[Short web captions]

※

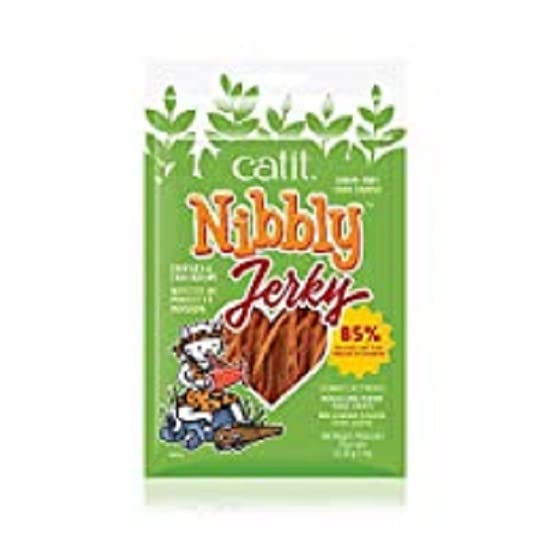 Catit Nibbly Jerky Cat Treats, Chicken  Fish Recipe   Grain Free Cat Treat
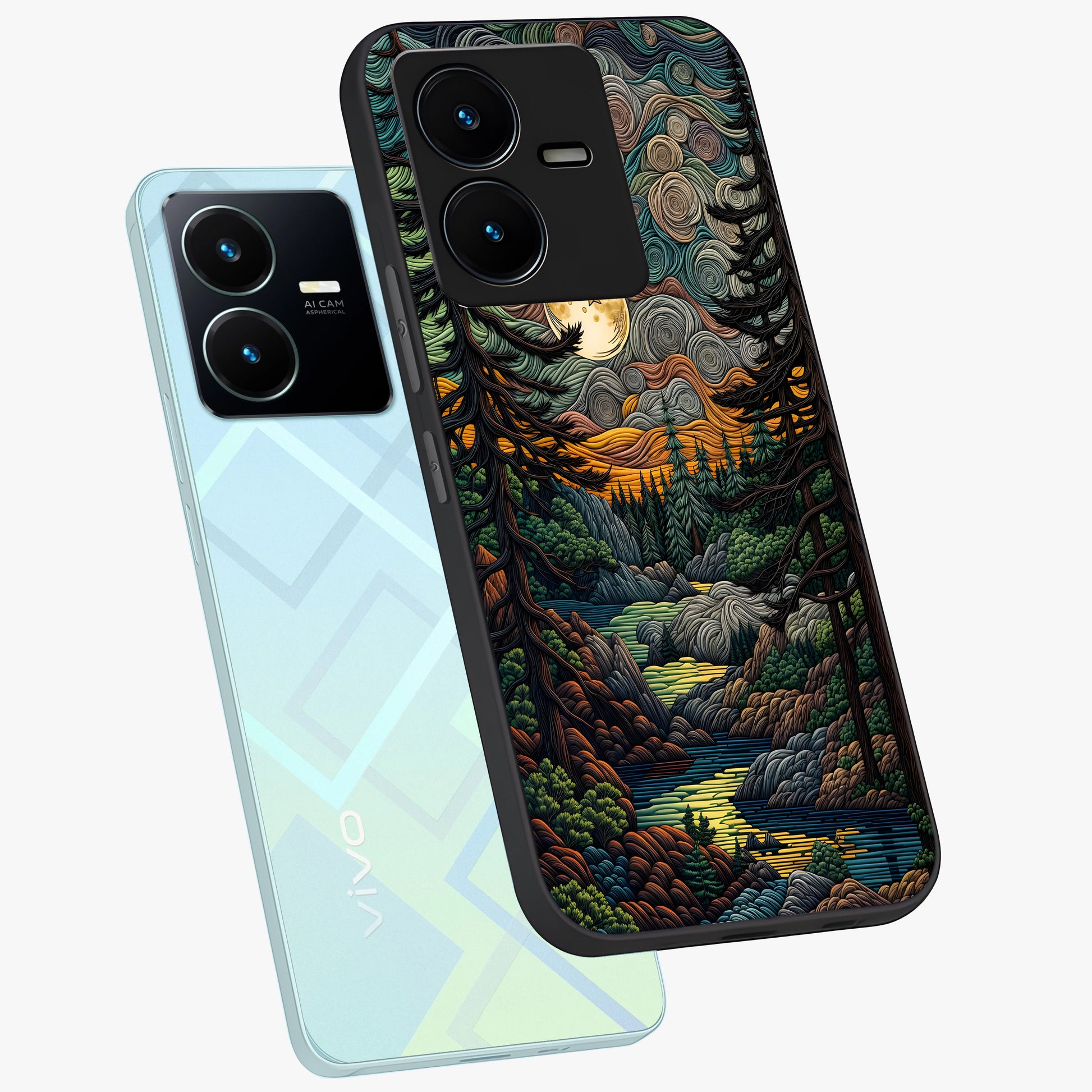 Moonlight Forest Dream Glass Case displayed in angled mockup highlighting dreamy forest design with glowing moon aesthetic.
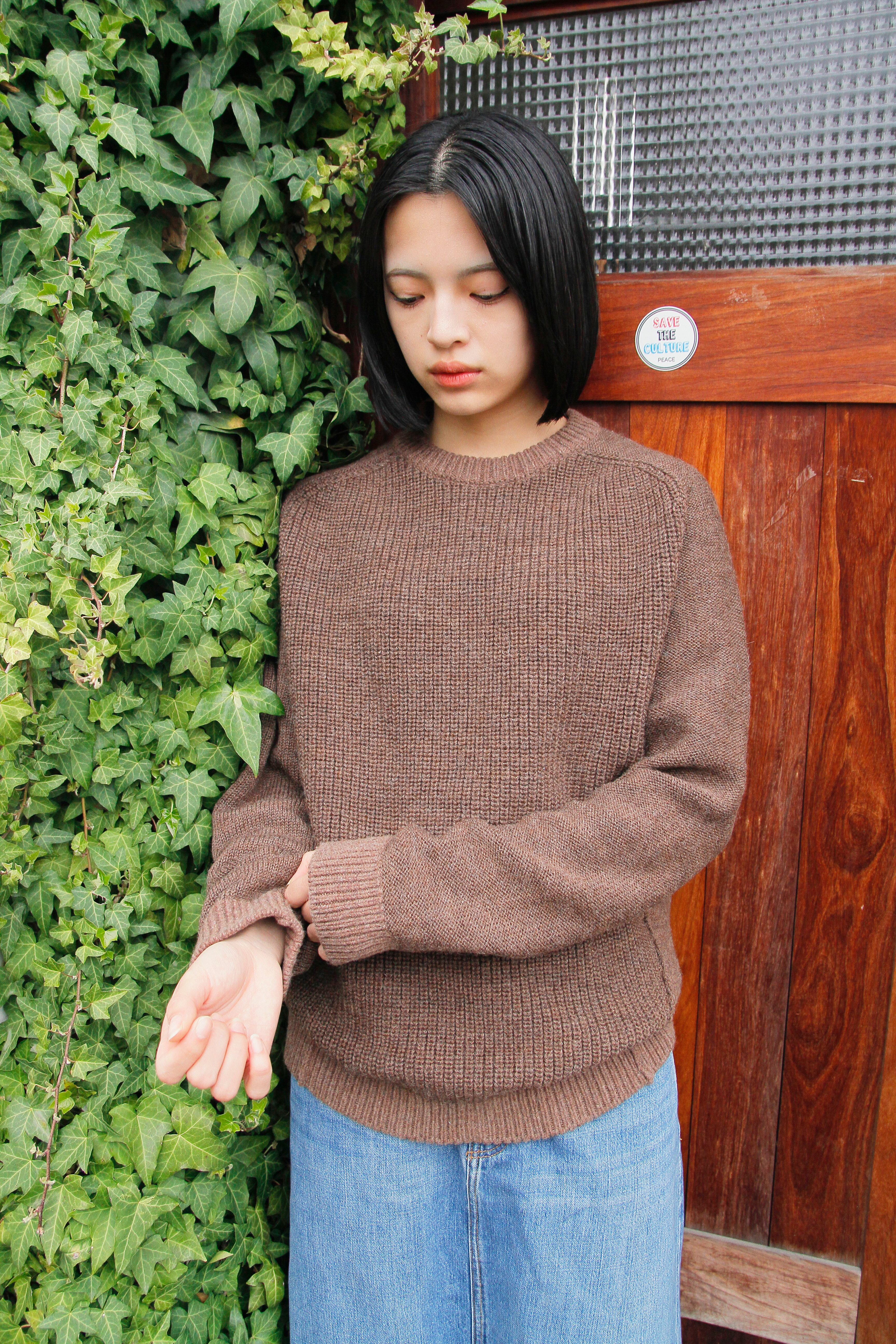 【美品】インポート♡ブラウン♡ニット 20％OFF】VINCENT ET MIREILLE（ヴァンソン エ ミレイユ） 8ゲージ 畦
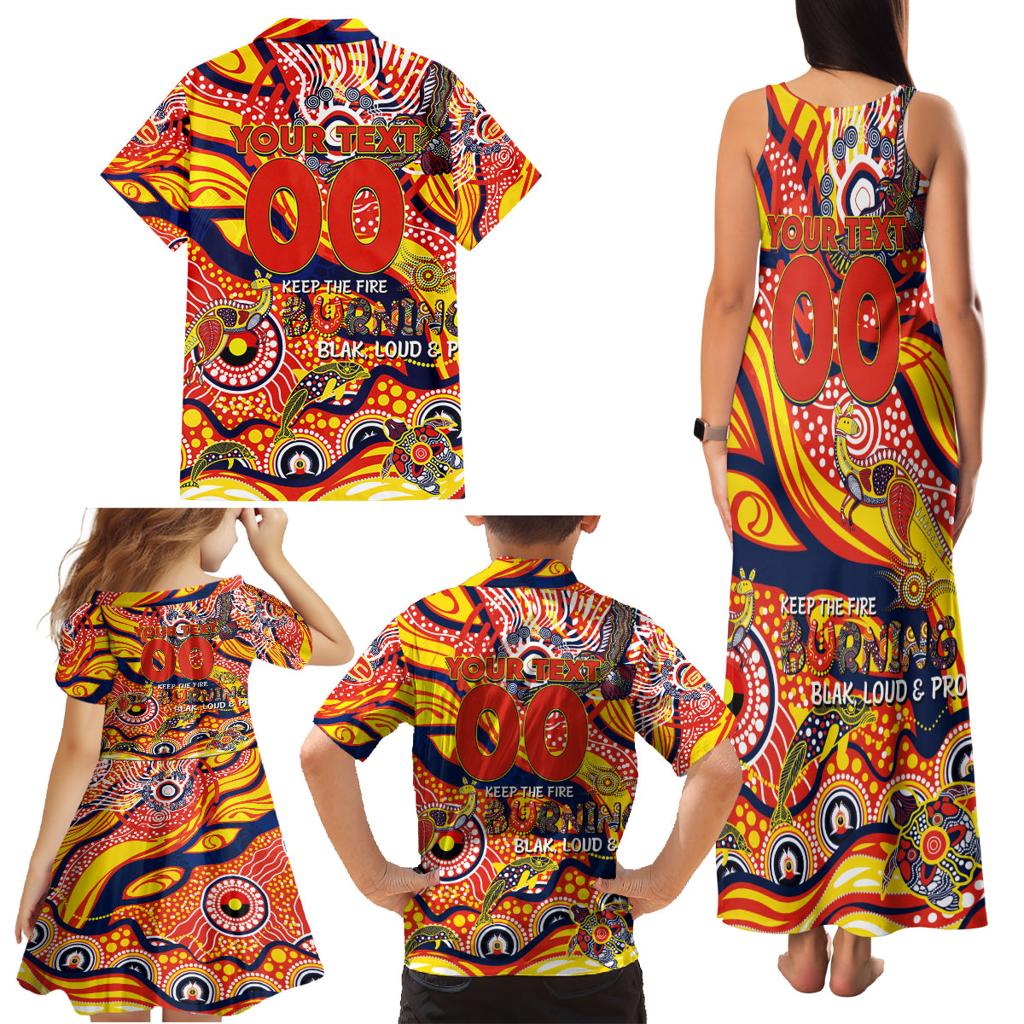 Custom NAIDOC Week 2024 Sunnies Family Matching Tank Maxi Dress and Hawaiian Shirt Aboriginal Animals Keep The Fire Burning
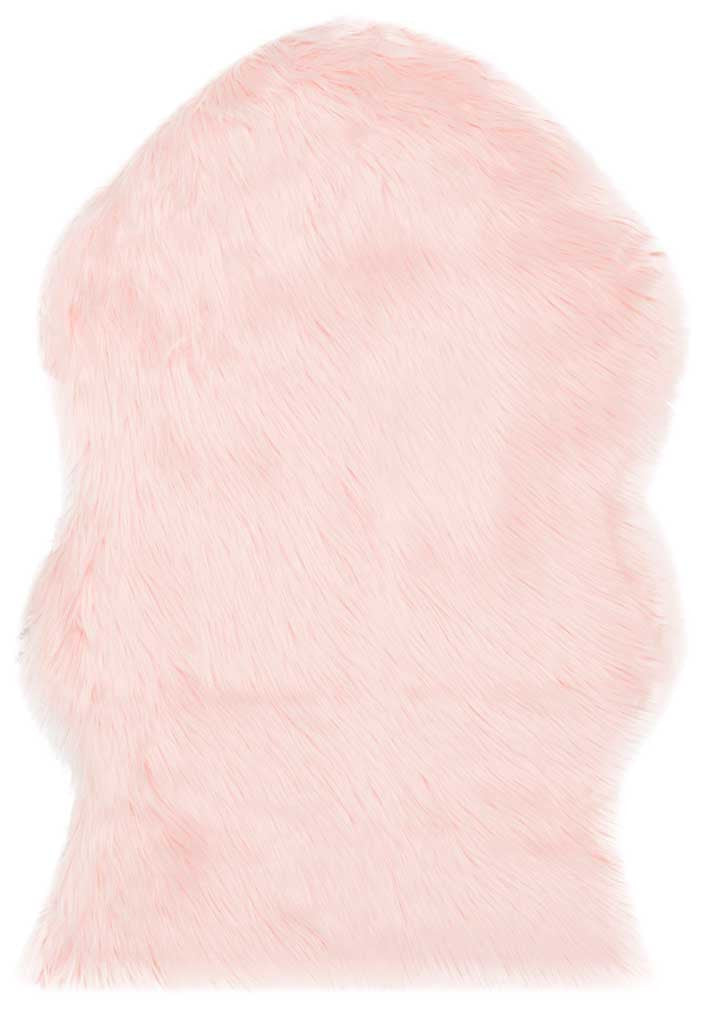 Compact pink faux-fur accent rug with a smooth sheen and gently curved sides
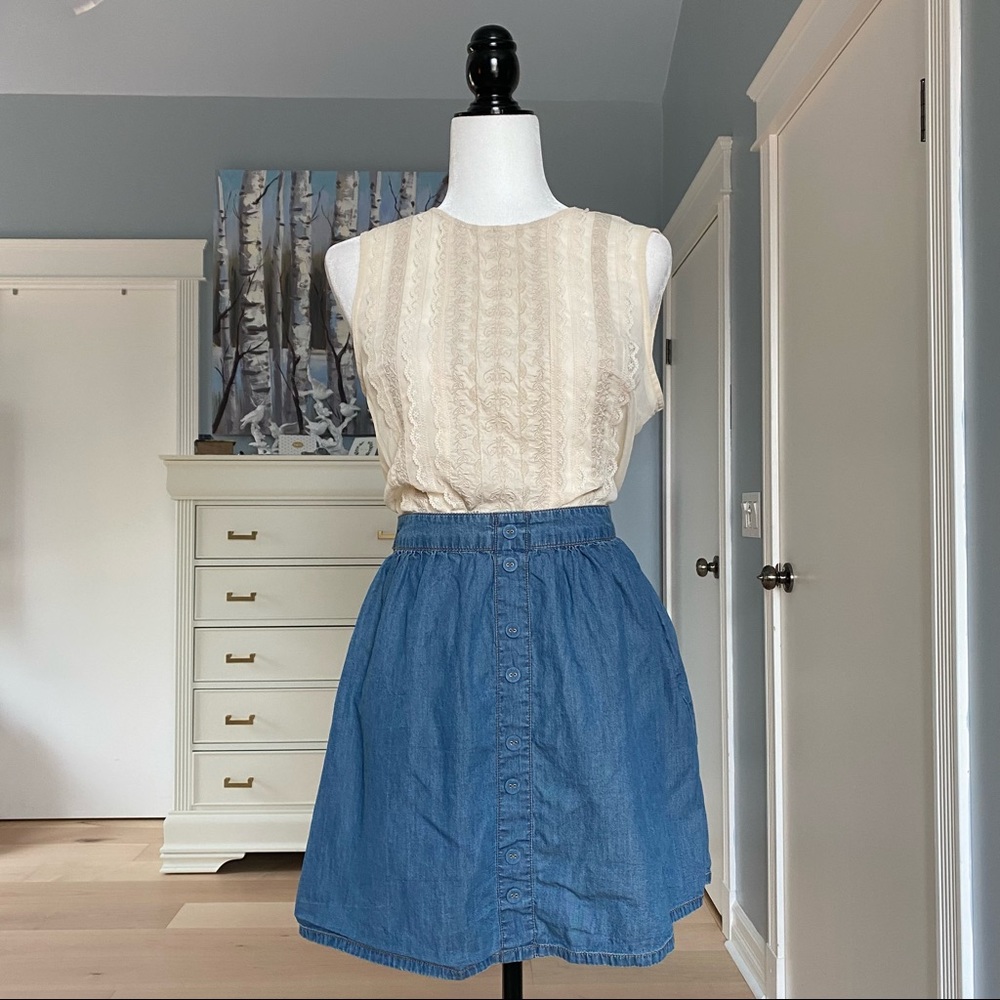 Mossimo 100% Cotton Blue Denim Button Mini Skirt S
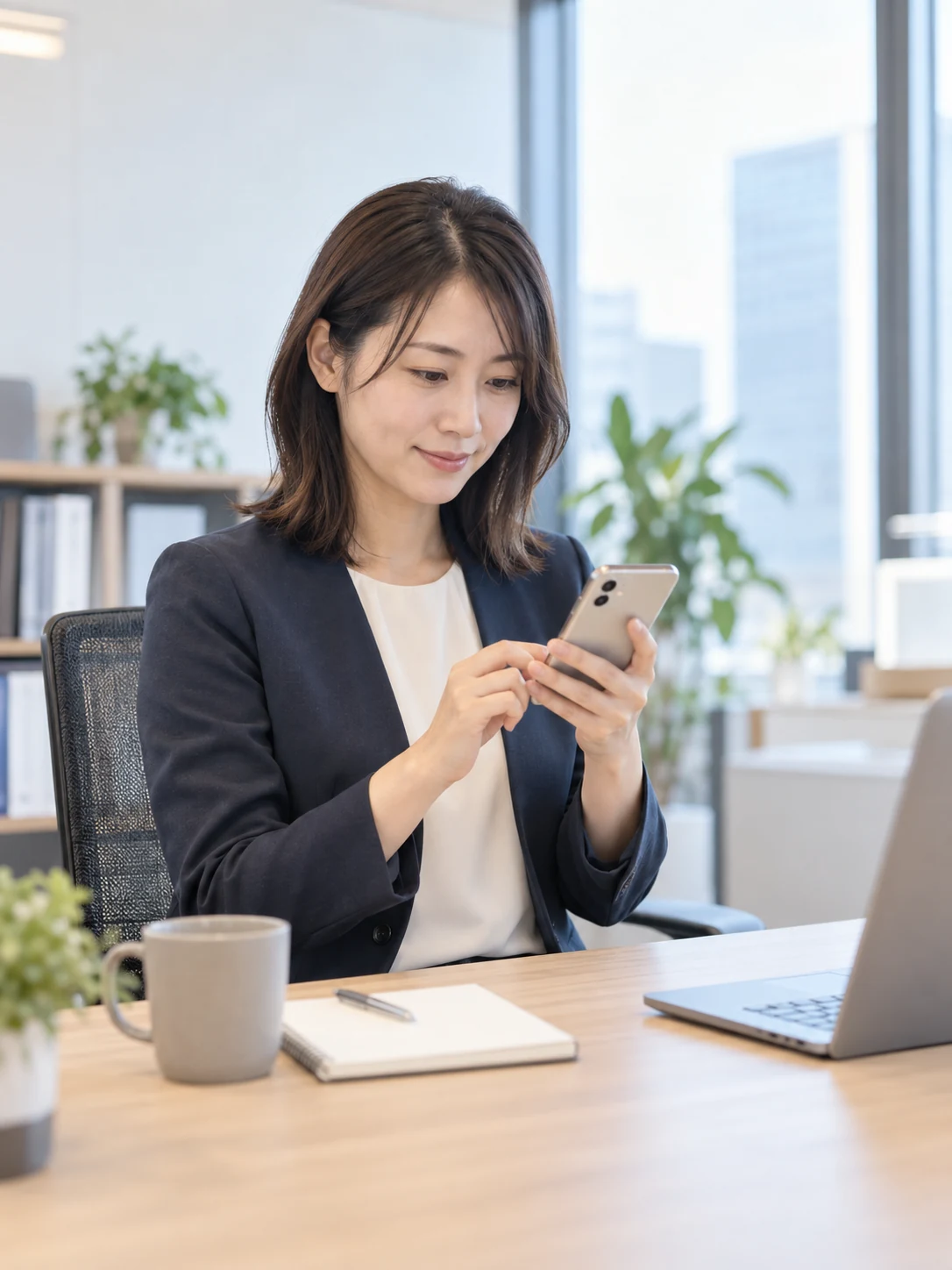 仕事の情報をスマートフォンで発信する社員のイメージ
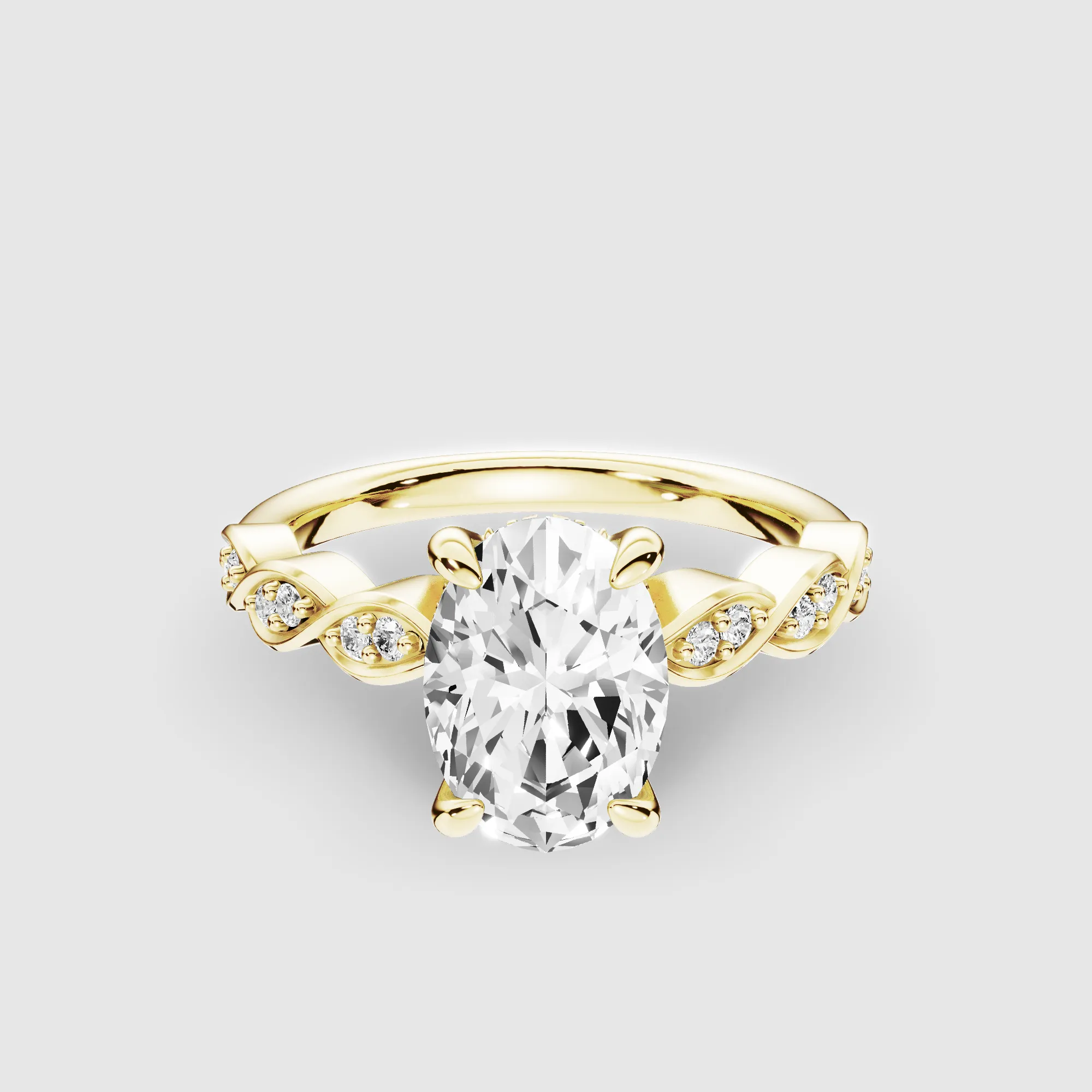 Classic Halo Solitaire Ring-Oval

※

** Aim of the exercise **
Your task is to retype, exactly and only, the lines from the line holding "Compact pink faux-fur" through the final line of the data above, with both ends kept. Drop the pictures.

** Response to this exercise **
 Compact pink faux-fur accent rug with a smooth sheen and gently curved sides
 Mossimo 100% Cotton Blue Denim Button Mini Skirt S
 仕事の情報をスマートフォンで発信する社員のイメージ
 Classic Halo Solitaire Ring-Oval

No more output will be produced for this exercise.